* [Directions] Please restate word for word the lines from the top of the entries through the line that contains "A person closely", and do not include any pictures.

* [Supplied information]

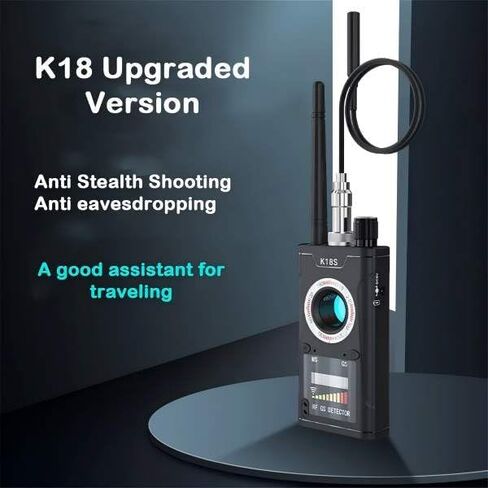 Hidden Camera Detector, Anti Spy RF Signal Detector & GPS Tracker Finder, Portable Bug Detector Device for GPS Locator/AirTag, Wireless Listening Device Scanner for Travel, Hotel, Car, Home Black in Saudi Arabia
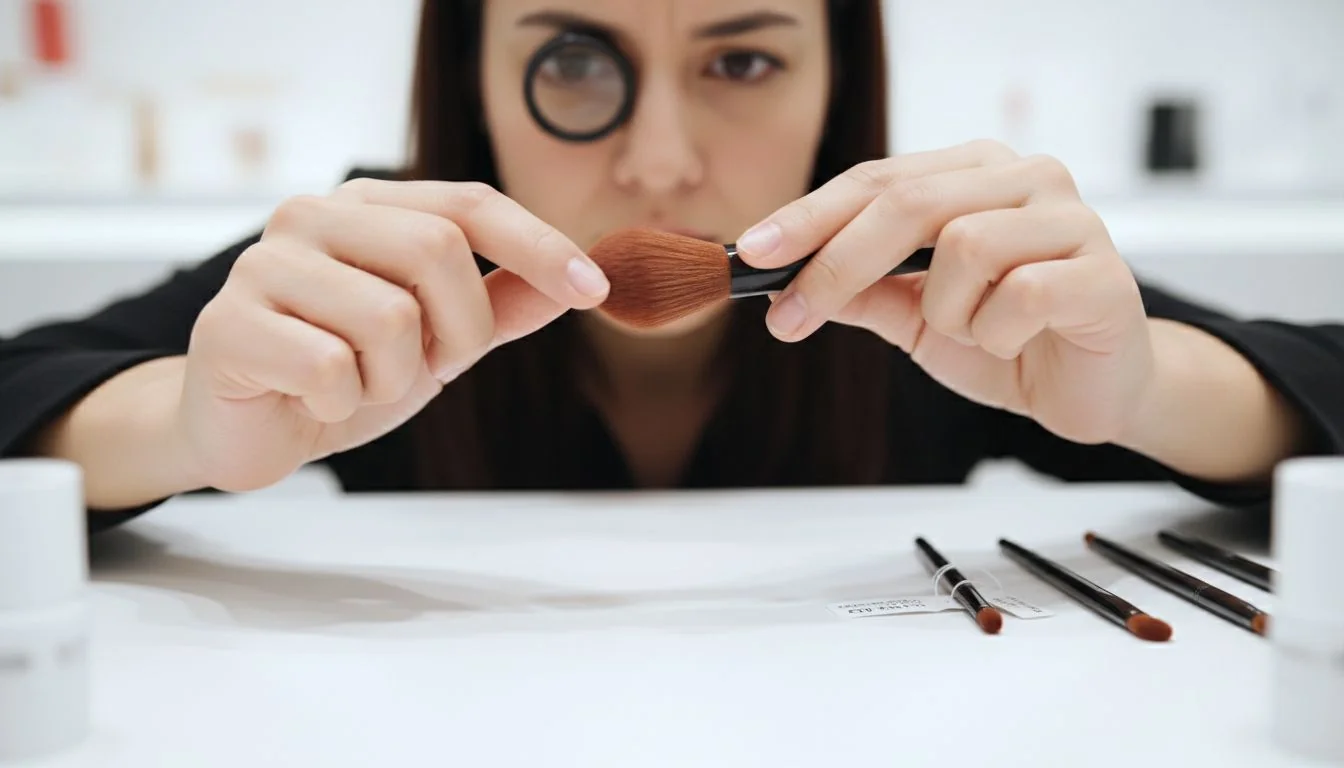 A person closely inspecting the bristles of a makeup brush sample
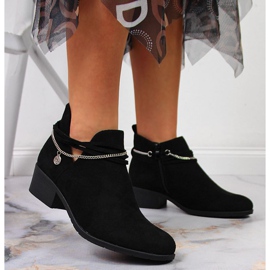 Botki z łańcuszkiem Filippo W PAW318A czarne 2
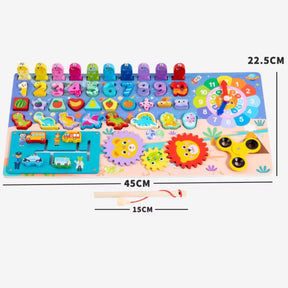 Brinquedo Tabuleiro Educativo Sensorial 7 em 1 Montessori com Dinossauros Frutas e Formas Bramble
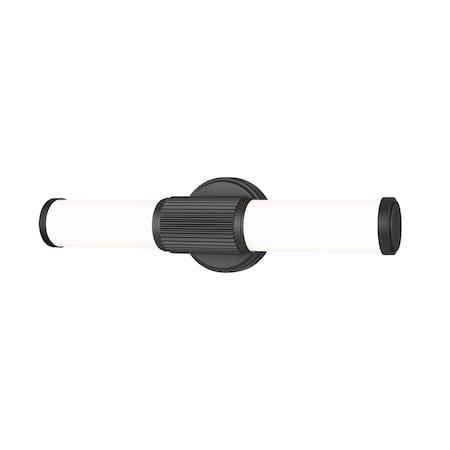 Z-Lite Solange 1 Light Vanity, Matte Black/Opal White, 18.5 In W x 4.75 In H 1021-18W-MB-LED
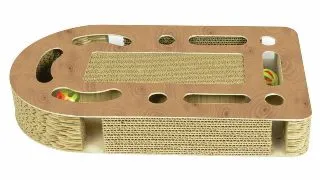 AGILITY Ball Maze 1, scratcher interactiv pisici, carton, maro, 43.18x24.76x6.35cm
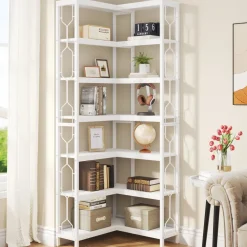 Clearance Tribesigns Corner Bookshelf, 7-Tier Industrial Corner Etagere Bookcase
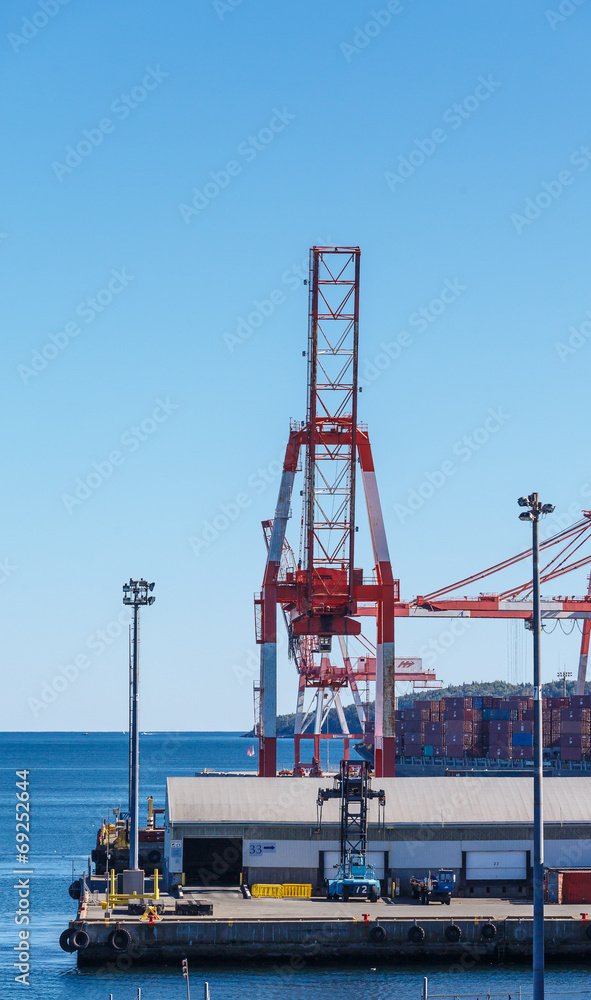 Shipping Crane on Industrial Port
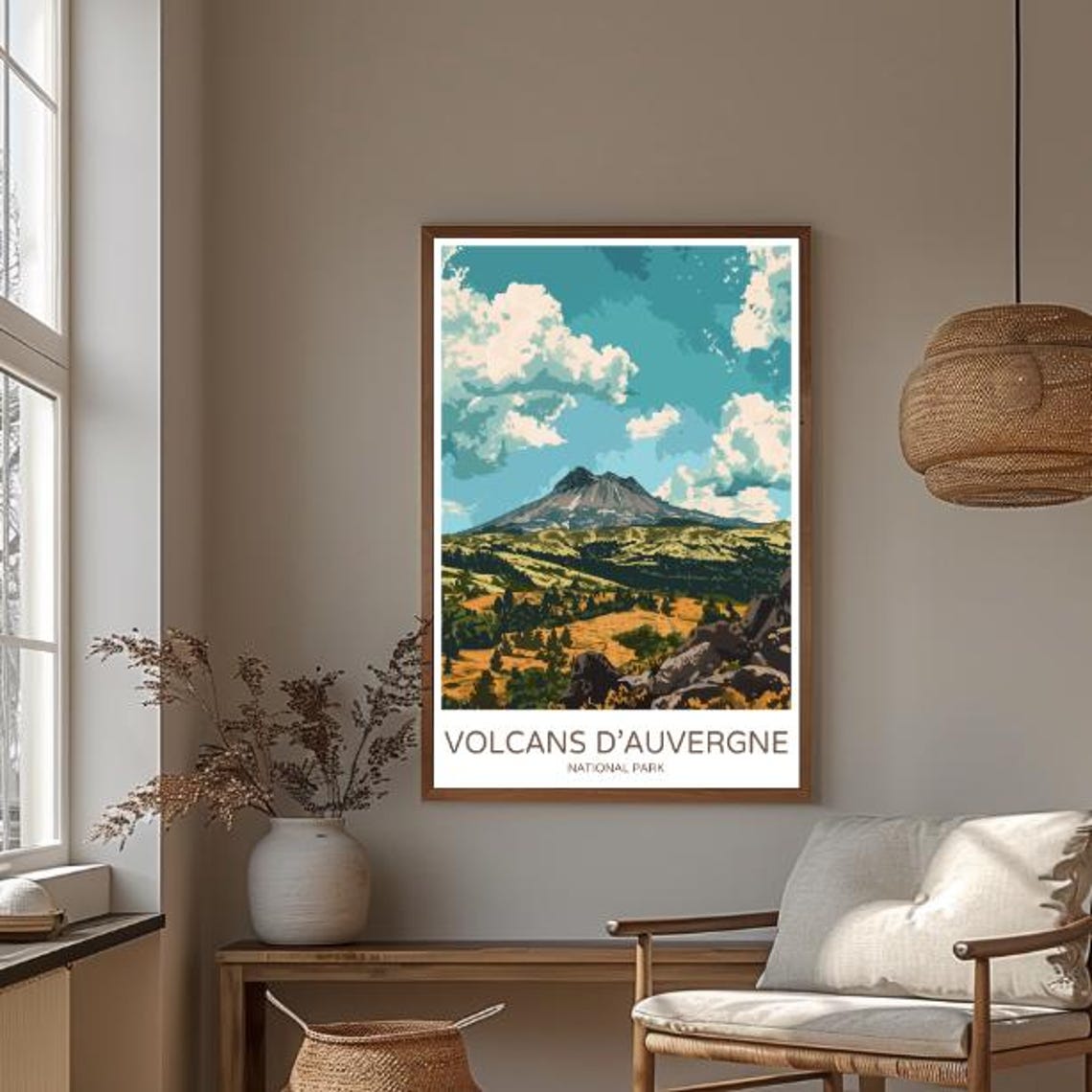 Parc Naturel Rgional Des Volcans Dauvergne France Scenic Volcano Landscape Poster French Nature Wall Art Outdoor Adventure Decor - Image 3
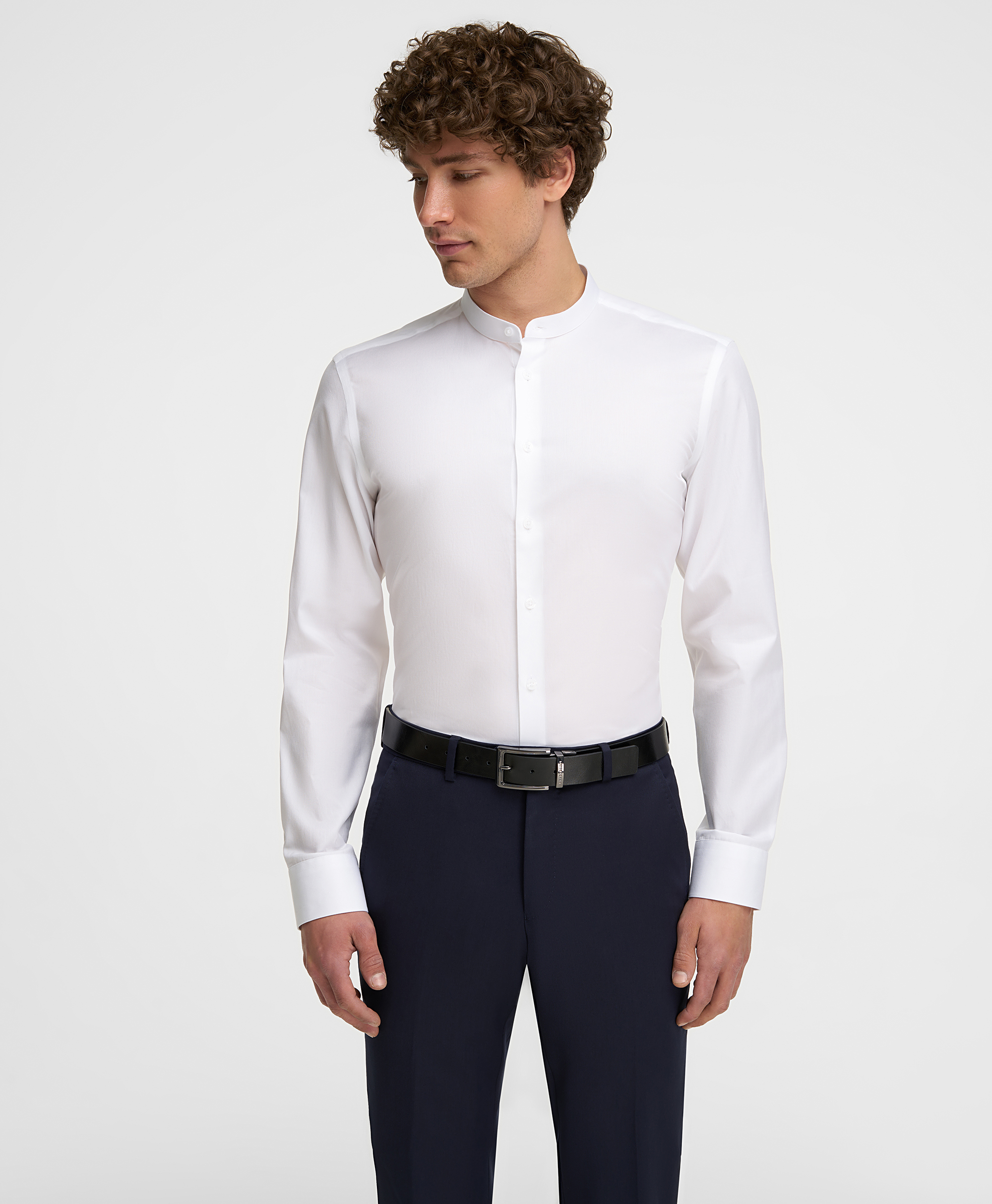 Рубашка хлопковая, полуприлегающий силуэт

* [Exercise output]
 Hidden Camera Detector, Anti Spy RF Signal Detector & GPS Tracker Finder, Portable Bug Detector Device for GPS Locator/AirTag, Wireless Listening Device Scanner for Travel, Hotel, Car, Home Black in Saudi Arabia
 A person closely inspecting the bristles of a makeup brush sample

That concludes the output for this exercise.